President Enrique Peña Nieto declared a national emergency, and the country is observing three days of national mourning. An unaccounted number of people are staying at shelters around Mexico City after losing their homes. Schools have closed indefinitely, and millions remain without power.
Despite the president’s request that people stay indoors while rescue attempts continue, residents joined forces with rescue teams to search for survivors.

‘We know he is in there’

Throughout the region, buses carried volunteers from Mexico and beyond to disaster sites, where they bolstered search and rescue efforts. People formed long human chains to pass along supplies and and remove chunks of lumber and concrete.
It reminded some of the last time an earthquake of this scale hit the nation’s capital. One man, who gave his name as Roberto, recalled pulling people out of wreckage in the Mexico City in 1985. It was worse then, he said, crediting enhanced building regulations with minimizing the damage.
“I can remember the feeling of lifelessness in their bodies,” he said. “I remember my hands sinking into their skin. They were decomposing. It was horrible.”
In Mexico City’s Condesa section, a large rescue operation was underway at a collapsed building that had housed an outsourcing company. At least 35 people are believed to still be buried in the in the rubble of the building on Alvaro Obregon.
Marco Antonio Garcia Salsedo believes his cousin is still alive in the building. His family heard that Angel Xavier Sousado Sandovar somehow placed a phone call to a friend in New York from inside the rubble.
The family had been camping out near the rescue site since Tuesday, holding onto hope that Sousado would emerge from the building. They don’t want to miss an announcement and they don’t want the government to raze the site before their loved one is found.
“We know he is in there and we are waiting for him,” Garcia said.
Elsewhere in the neighborhood, police blocked a road leading to the corporate offices of a food processing center that also was damaged. Cristobal Perres Garcia, 59, said police told him that one of his cousins — a worker at the building– was among several who died when it collapsed.
A rescue operation is underway Thursday at a collapsed building in Mexico City's Condesa section.

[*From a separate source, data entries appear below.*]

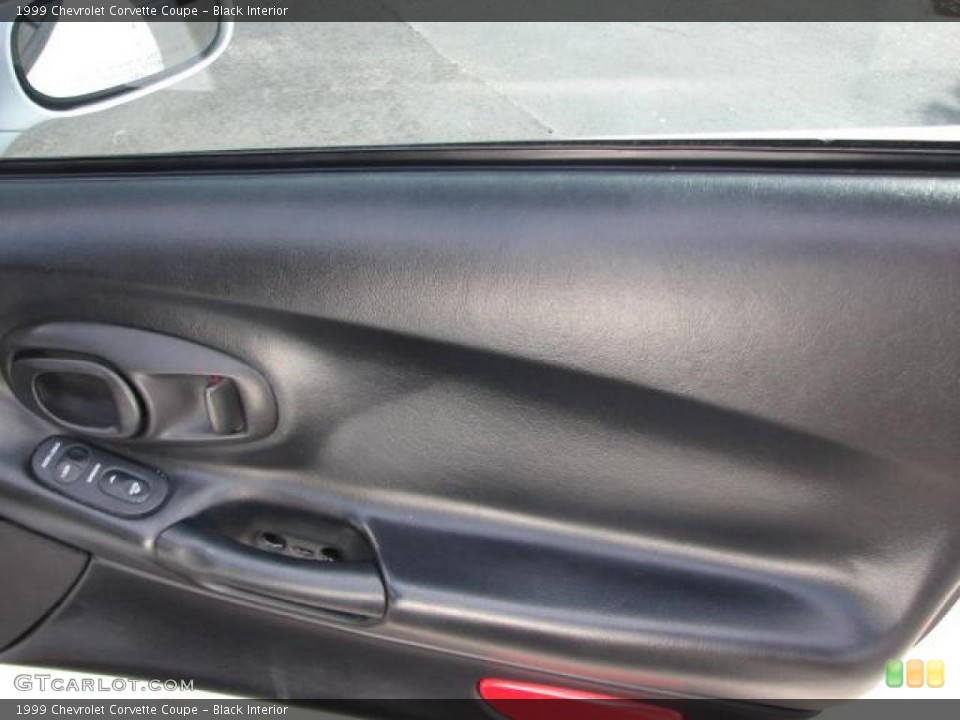 Black Interior Door Panel for the 1999 Chevrolet Corvette Coupe #46067362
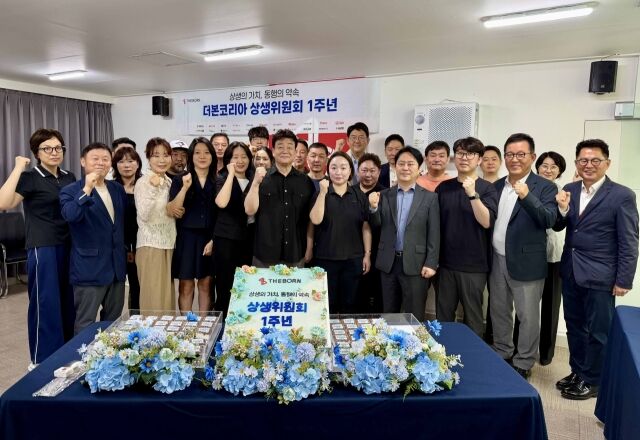 지난 29일 서울 서초구 더본코리아 별관 창업설명회장 회의실에서 상생위원회 출범 1주년 회의 후 백종원 대표(가운데)와 관계자들이 기념 촬영을 하고 있다. /더본코리아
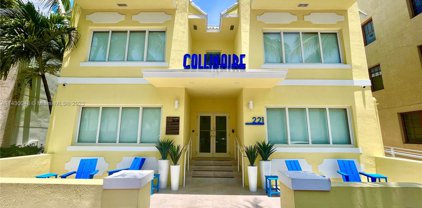 221 Collins Ave, Miami Beach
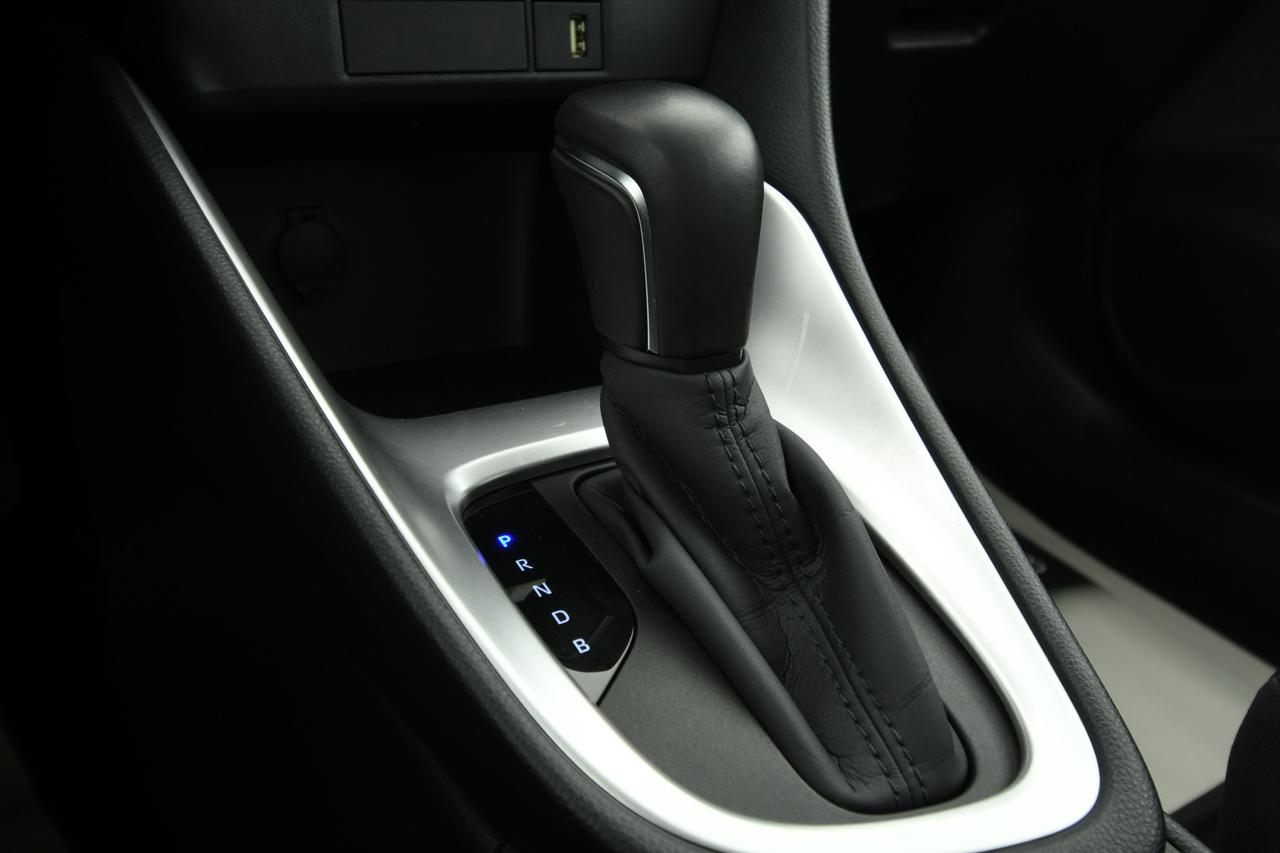 TOYOTA Yaris 1.5h Business CAMERA+ACC+APP CONNECT+NEOPATENTATI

In Puebla state, southeast of Mexico City, the quake crumbled a church, killing a girl who was being baptized and 11 others attending the event, Gov. Tony Gali said. More than 9,700 homes and 100-plus government buildings were damaged in the state, Gali said.
In all, more than 100 deaths were reported in Mexico City, one of North America’s most populous metropolises with more than 21 million people. Elsewhere, 69 deaths were reported in Morelos state, 43 in Puebla state, 13 in the state of Mexico, four in Guerrero state and one in Oaxaca state.

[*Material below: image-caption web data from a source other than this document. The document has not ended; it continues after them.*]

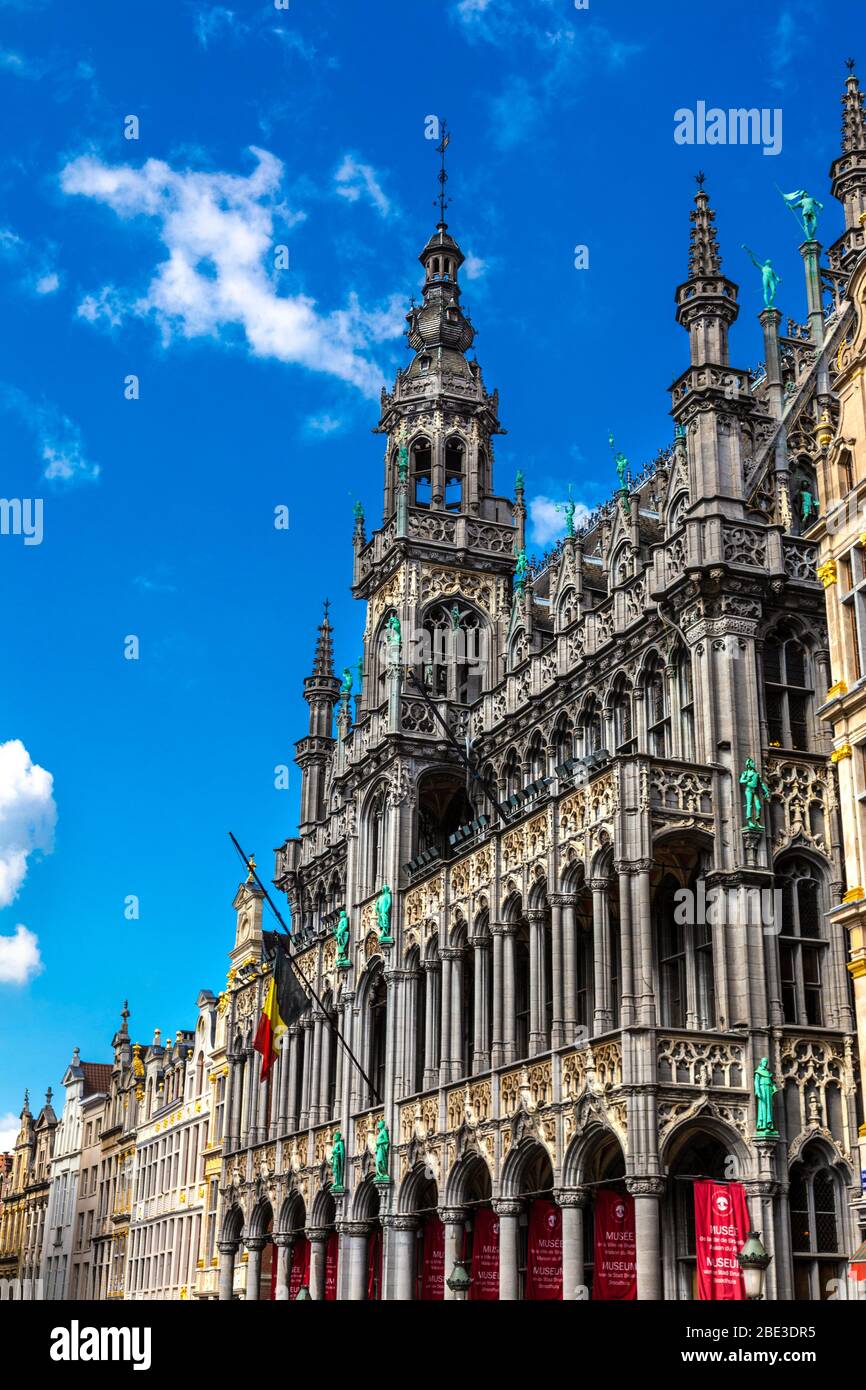 Stile neo-gotico della casa del re (Brussels City Museum) nel centro di Bruxelles, Belgio Foto Stock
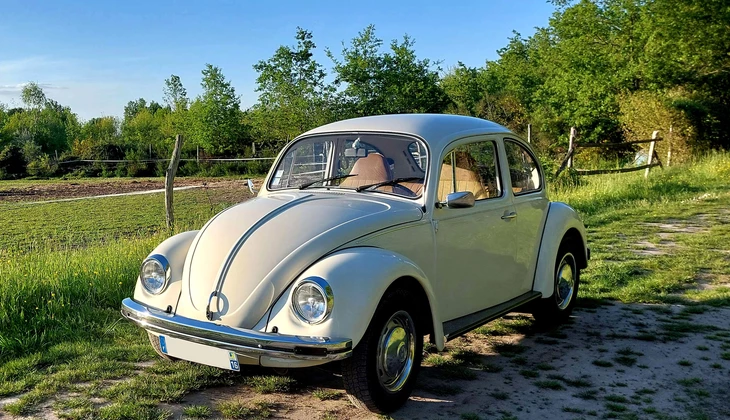 location-VOLKSWAGEN-Brissac Loire Aubance-roadstr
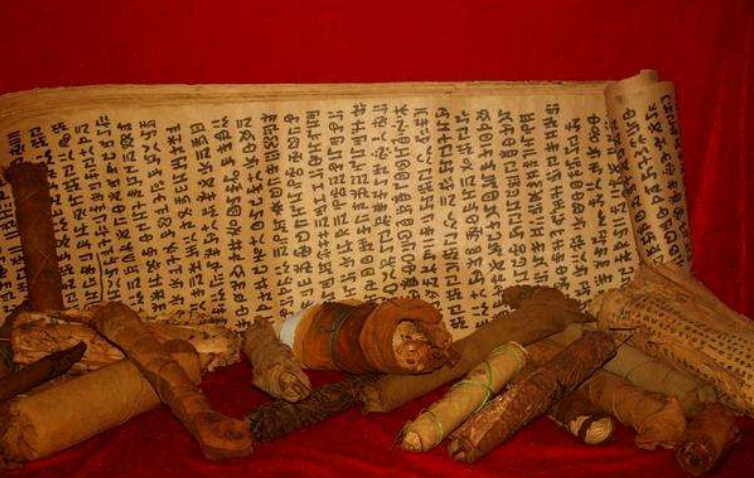 彝族文献:记载了猴变人的历史,最长族谱超过万年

‘I thought someone was kicking my chair’

About 2,000 public schools were damaged in Tuesday’s quake, Secretary of Public Education Aurelio Nuños said. Sixteen of the 212 affected schools in Mexico City had serious damage, he said.
At the private Colegio Enrique Rabsamen, where rescuers thought they were trying to reach the girl, the temblor caused the school to fold in on itself, sandwiching and collapsing classroom onto classroom.
Crews remained there Thursday the evening, but the sense of urgency of the previous night had dissipated, along with the crowds of onlookers. In their place, well-wishers left bunches of white floral arrangements around the block from the school.
The loss of life weighed heavily on volunteers.
“This is a tragedy,” said volunteer Ivan Ramos. “It’s kids. It will take a long time to heal.”